#### DATA BELOW ####

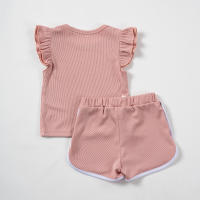 Conjunto De Verano Para Bebé Niña 2024 Shorts Y Camiseta Cómodo Transpirable Ropa De Casa Estilo Casual Sin Mangas Cuello Redondo - details 21
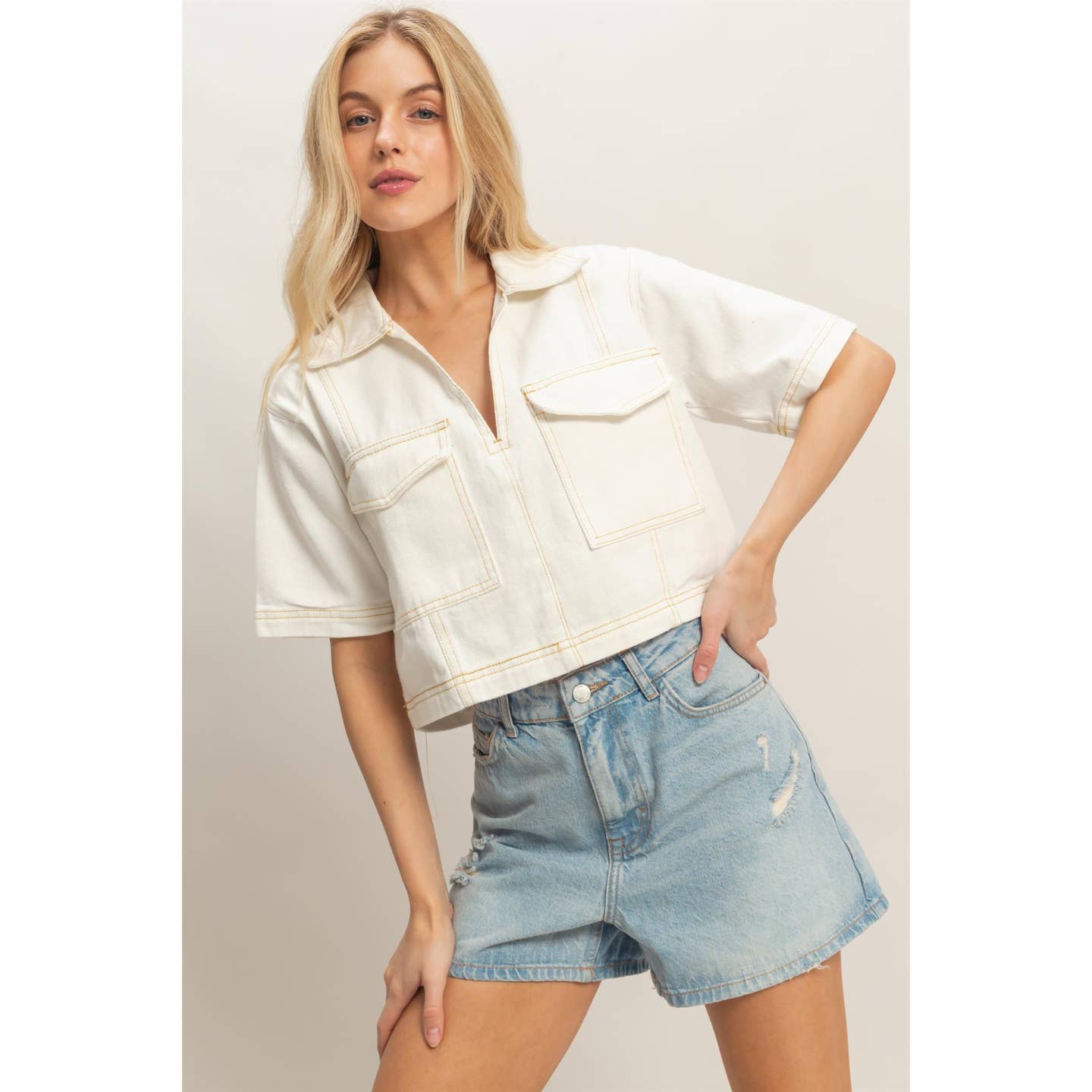 Short Sleeve Denim Stitch Top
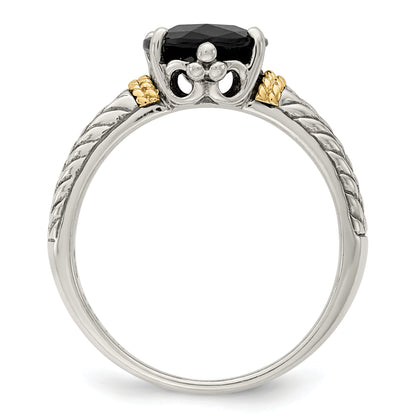14K/Silver Two Tone Shey Couture Sterling Silver With 14K Accent Antiqued Oval Garnet Ring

####

### [TASK TO COMPLETE]
Retype exactly the lines above, starting at the line containing "Short Sleeve Denim Stitch Top" and ending with the last line, both included; leave out the pictures.

### [ANSWER SECTION]
 Short Sleeve Denim Stitch Top
14K/Silver Two Tone Shey Couture Sterling Silver With 14K Accent Antiqued Oval Garnet Ring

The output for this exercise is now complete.